Plus récemment, Maurice Allais, prix Nobel de l'économie en 1988, considère que l'économie mondiale tout entière repose aujourd'hui sur des gigantesques pyramides de dettes, prenant appui les unes sur les autres dans un équilibre fragile .La crise sévère que connait le monde depuis 2007 et dont, Maurice Allais s'est fait inlassablement l'augure dans de nombreux ouvrages, fait renaitre de nombreuses questions sur l'état actuel des choses.

Les altermondialistes souhaitent ramener le processus de création monétaire sous le contrôle de l'Etat. Ils préconisent un système contrôlé par une banque centrale mondiale qui devrait rendre compte aux gouvernements membres ; les banques commerciales n'auraient alors plus la possibilité de créer de la monnaie par l'emprunt.

Les crises financières que nous vivons aujourd'hui, sont les conséquences directes du surendettement. Les Etats ont répondu à la dette privé par de la dette publique. L'emballement de la dette publique est une bombe à retardement qui menace d'exploser dans un futur proche. Les bulles spéculatives se forment lorsqu'il y a trop de monnaie en circulation, faisant grimper les cours au-dessus de leur valeur. L'éclatement de ces bulles spéculatives peut s'avérer dramatique comme celle des dettes toxiques des subprimes en 2008 aux Etats Unis.

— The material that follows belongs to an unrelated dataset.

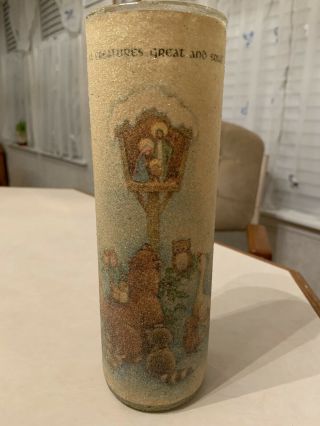 Vintage Sugar Frosted Coated Glass Candle Pillar “ All Creatures Great & Small”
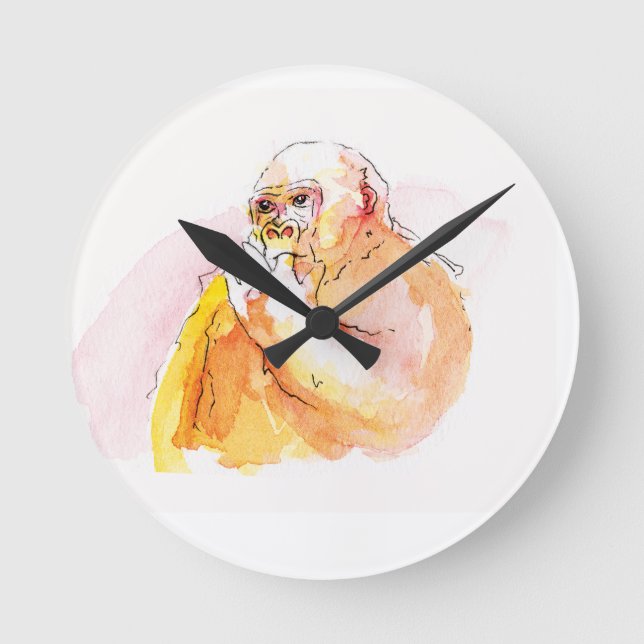 Horloge Ronde Gorilla sucking fingers Clock 指しゃぶりのゴリラ時計 (Recto)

Dans un monde de protection de dépôts et de plans de sauvetage, ce sont les banques centrales qui paient la note salée de la création monétaire excessive. Dans ce système, les banques ne sont pas autorisées à faire faillite. Il ne s'agit plus de porter secours aux banques qui inconscientes vont s'aventurer au-delà de leur zone de sécurité. Toute banque qui ne sort pas des limites, se trouve être moins performante que les autres et est bien vite remplacée par un compétiteur plus agressif. Répondant ainsi au principe de l'évolution, celui de la survie du plus fort et du mieux adapté à son environnement.

Vous l'aurez compris les obligations souveraines infestent le système financier, se préparant à nous porter un coup fatal, rien à voir avec l'échauffement que nous venons de voir en nous penchant sur l'exemple des subprimes.